Medellin is one of Colombia's major city's and the coffee with this name from the Antioquia coffee area is one of country's most popular.
What did we taste? Clean and crisp coffee with almost no aftertaste, but nice fruit, medium mouthfeel and a light caramel toffee and bergamot notes. Nice

Then we jumped on a Sumatra. We had on Barismo big discussions on the Sumatra. I think, even if the processing can be irregular, it's always worth to give it a try. If we're looking for a good 100% arabica espresso blend, i prefer working with a Sumatra in stead of a Java or Suwalesi, although i heard they sell Old Brown Java at Hasbean. I can't follow.
Most Indonesians needs this full city roast and that's what we got. Just into the 2nd crack but nothing more thank you.
And the cupping? Very strong. The coffee attacks the taste buds immediately. It's full, dark and complex with a bit of earth and a lot of bitter (walnut like). Great to blend in i guess. We'll surely order some more to play with later on.

Finally a Cup of Excellence on the cupping table.
Last week at the Barista Party at the MmmmH we had the occasion to pick up a small bag of Nicaragua La Carolina.
I don't know why it's that lightly roasted, but we decided to pull a couple espresso shots with the Macap grinder right away.
Not drinkable. Too sourish.
Cupping : Although Nicaragua's better beans are known for their body, this one had little mouthfeel, bits of non ripe fruits and a little touch of flowers.
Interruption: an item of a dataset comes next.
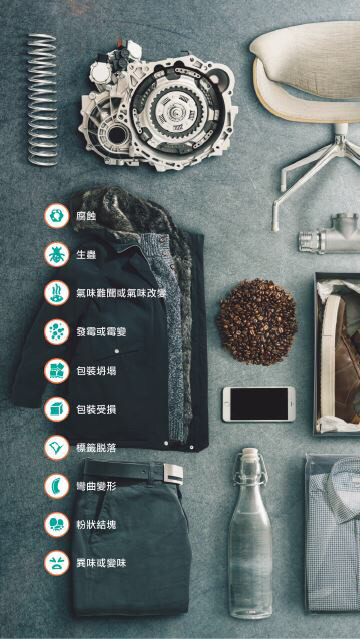 瑞典🇸🇪Absortech乾燥劑愛用者社群(台灣市場）
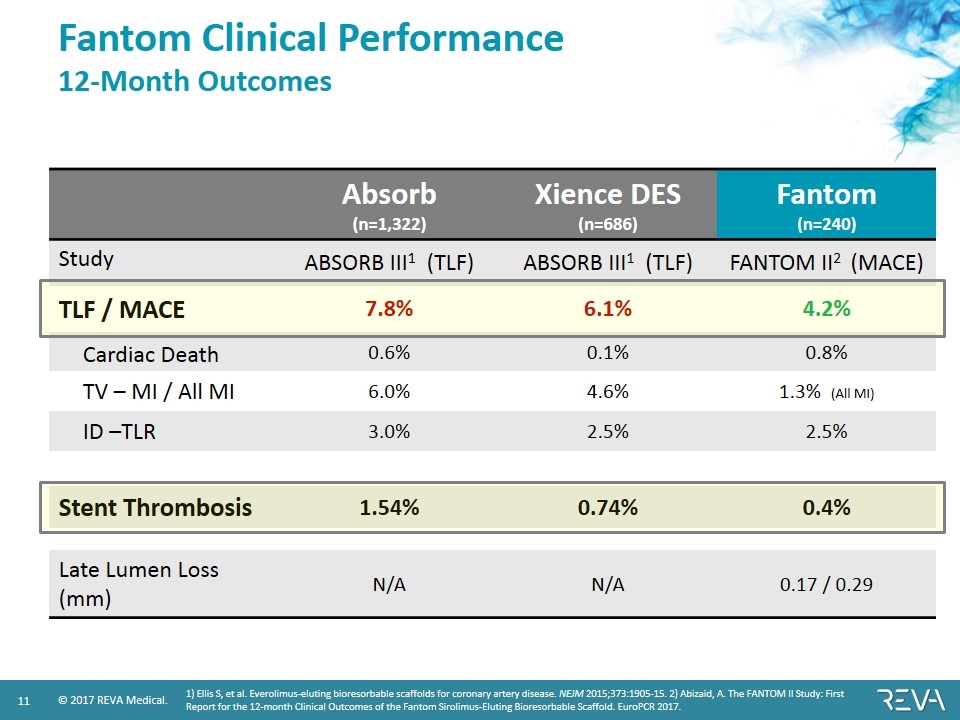 Slide 11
And a very disappointing sour aftertaste.
What happened here?
Maybe i can ask the company as i'm planning to visit them one of the months, together with the city of Maastricht and some of the Coffee Lovers Baristi.

That's it for today deer coffee blog readers.
Soon more about our new Faema E91 3-group and Coffee Fiesta photo's and info. Ciao.

Wednesday, May 23, 2007

Juices, Java & Jazz

Look at the window and us guys working our a.. off at our newest espresso bar.
Caffènation II - Juices, Java & Jazz at Oever 18 (kloosterstraat).

Besides the all known Caffènation House Blend espresso and espresso based beverages, we also serve Juices, Shakes, Iced T's, Chai Latte, Italian Soda Cassis etc...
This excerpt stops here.